TRIBUTE TO MY BELOVED LITTLE SISTER ESTHER BY GLORIA NZEGWU
Writing a tribute on your honour is very difficult for me.
8th of February 2021 was the worst day of my life.
It feels like years but it has only been weeks.
And yet that is still too long.
I still talk about my sister as if she was still here with me, laughing during the good times and crying during the bad ones.
I lost a couple of loved ones in the past but it never hit me this bad.
I miss being able to call you any time and spend hours talking about everything under the sun.
We grew up and grew apart, as most siblings do.
Esther graduated, served and settled in Abuja.
I returned from Europe to join my mum and the rest of my brothers in Lagos, then got married and settled in Lagos.
We had our own set of friends and our own set of goals for our lives,
I in Lagos and you in Abuja but that still didn’t change the fact that we were sisters and very close to each family thanks to social media.
My sister would do anything for me.
I always wish you were still here with me.
We prayed fervently for you to wake up on that fateful day,
But I can understand why God would want such a beautiful angel on his side from now until eternity.
Just know that I love and miss you,
And this is the tribute to you, my baby sister.
I sit here and ponder how very much I’d like to talk with you today.
There are so many things that we didn’t get to say.
My sister, I know how much you cared for me, and how much I cared for you.
Each time I think of you, I have the feeling of knowing that you miss me too.
An angel came and took you by the hand, and said your place was ready in heaven, far above…..and
you had to leave behind all those you dearly love.
You had so much to live for, you had so much to do…you were deeply concerned about your boys’ education.
It still seems impossible that God was taking you even though we begged Him for days to bring you back.
For you to have refused to come back, I’m certain you are happy over there.
I’m glad you are God’s General though your life on earth is past, in Heaven it starts anew.
You’ll live for all eternity, just as God has promised you.
Though you’ve walked through Heaven’s gate, we’re never far apart, for every time I think of you,
you’re right here, deep within my heart.
Little did I know that morning, God was to call you home.
In life I loved you dearly, in death I do the same.
It broke my heart to lose you, you did not go alone.
For part of me went with you the day God called you home.
You left us beautiful memories, your love is still me guide.
Though I cannot see you, you are always at our side.
Nothing seems the same since you left, our early morning exchange of prayers, our late night telephone conversations.
I keep wondering how this could be, you had so much to live for.
My heart keeps dropping, and I feel of a sharp pain at a thought of realizing that you are no more with us.
I was truly blessed to have a sister like you, you allowed me to get away with a lot of things being the quiet one or maybe because I'm your big sister.
I will miss our talks, and your comforting voice.
My darling baby Sister and best friend, I wish you sweet sleep.
I am a believer and I know that those sleeping in the Lord will rise.
The Bible says that God will open their eyes.
No suffering, sickness, yes not even pain.
Those who did good, eternal life they’ll gain.
So… sleep on my sweet sister Esther!

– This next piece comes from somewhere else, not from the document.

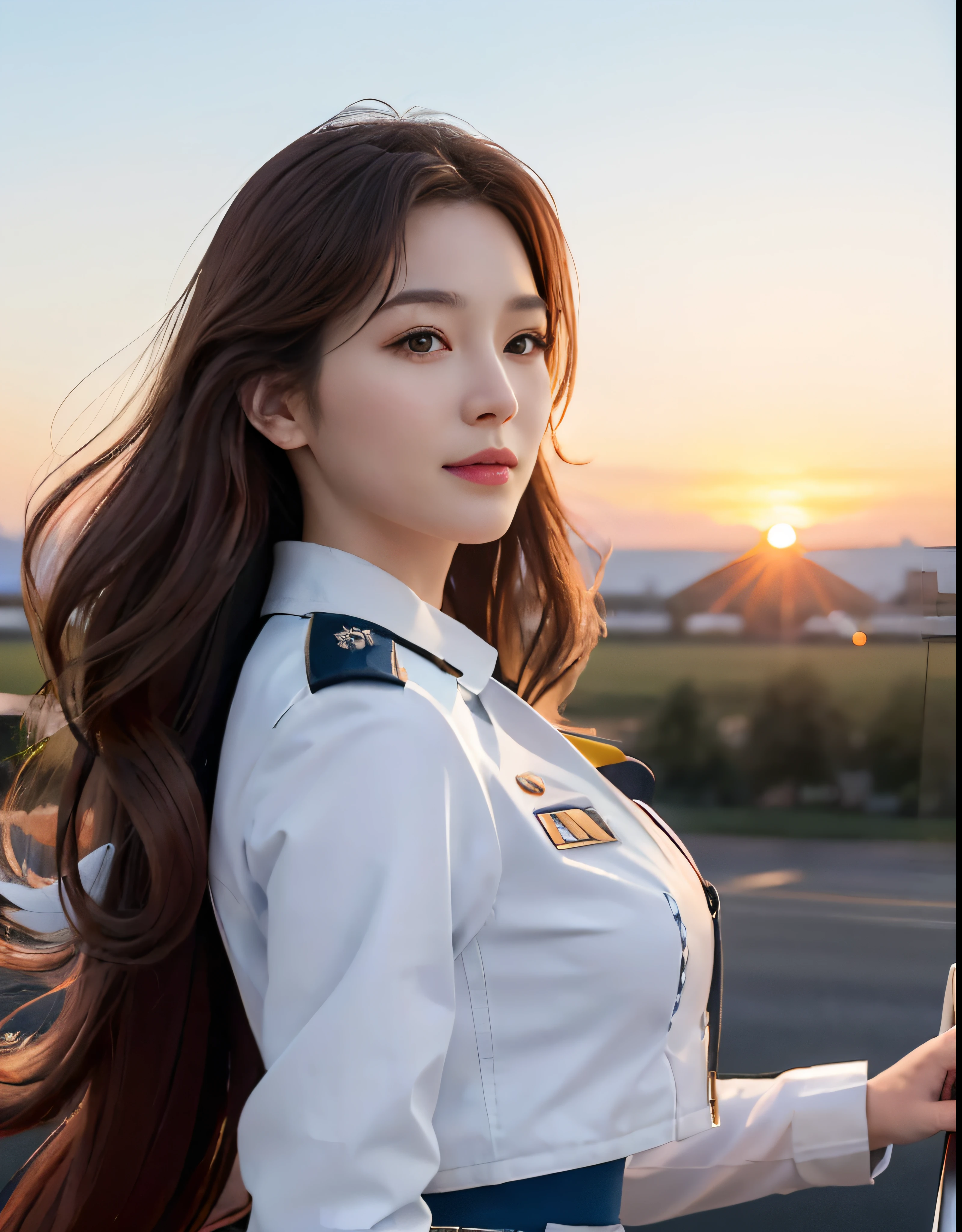 (Best quality, 8k, 32k, Masterpiece, UHD:1.2), (realistic:1.5), (masterpiece, Extremely detailed CG unity 8k wallpaper, best quality, highres:1.2), (ultra detailed, UHD:1.2), Photo of extremely cute and beautiful Japanese woman, (chestnut long wavy hair:1.2), adult, (detailed beautiful girl:1.4), best quality, woman, adult, (detailed US air-force pilot uniform:1.5), (white pilot captain jacket:1.3), (white high-waist pencil skirt:1.3), detailed clothes, (Beautiful sunset US air force base runway view background:1.3), embarrassed laughing:1, light smile, looking at viewer, facing the viewer, ((perfect female body)), (narrow waist:1.2), (upper body image:1.3), slender, abs, (large breasted:1.25), ((frame the head)), wind, dynamic pose, cinematic light, back light, perfect anatomy, perfect proportion, detailed human body, bokeh, depth of field,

Sleep tight!
We will see again on that glorious morning.
For now with you the sky is night, but after night will come daybreak.
Therefore I will wait hoping to see you awake.
An incredible sister, to me and my brothers, a wife to my dear friend Ishaya, a mother to my darling nephews, Daniel, David and Collins.
Thank you for the way you brought up the boys in the way of the Lord, you taught them love,
value and unity.
We will forever value you and never forget your influence in our lives .
This is the legacy we have from you.
A good sister is hard to find, and in your heart, you were always kind.
You fought for us all in one way or another,
Not just as a sister, wife or mother, but for all of us you gave your best.
So it is real that this extraordinary human is no longer with us in the flesh.
Now the time has come for you to rest.
So go in peace, you’ve earned your sleep.
When we consider how much we love we cannot express it more than God who lavishes His love upon us.
I know that I cannot bring you back for He has lovingly taken you away from us but by faith, we believe He knows better than we do.
Your love in our hearts, we’ll eternally keep.
With the help of his angels they flew you to your heavenly place
God’s garden must be beautiful, he always takes the best.
It broke our hearts to lose you but I’m glad that God called you home.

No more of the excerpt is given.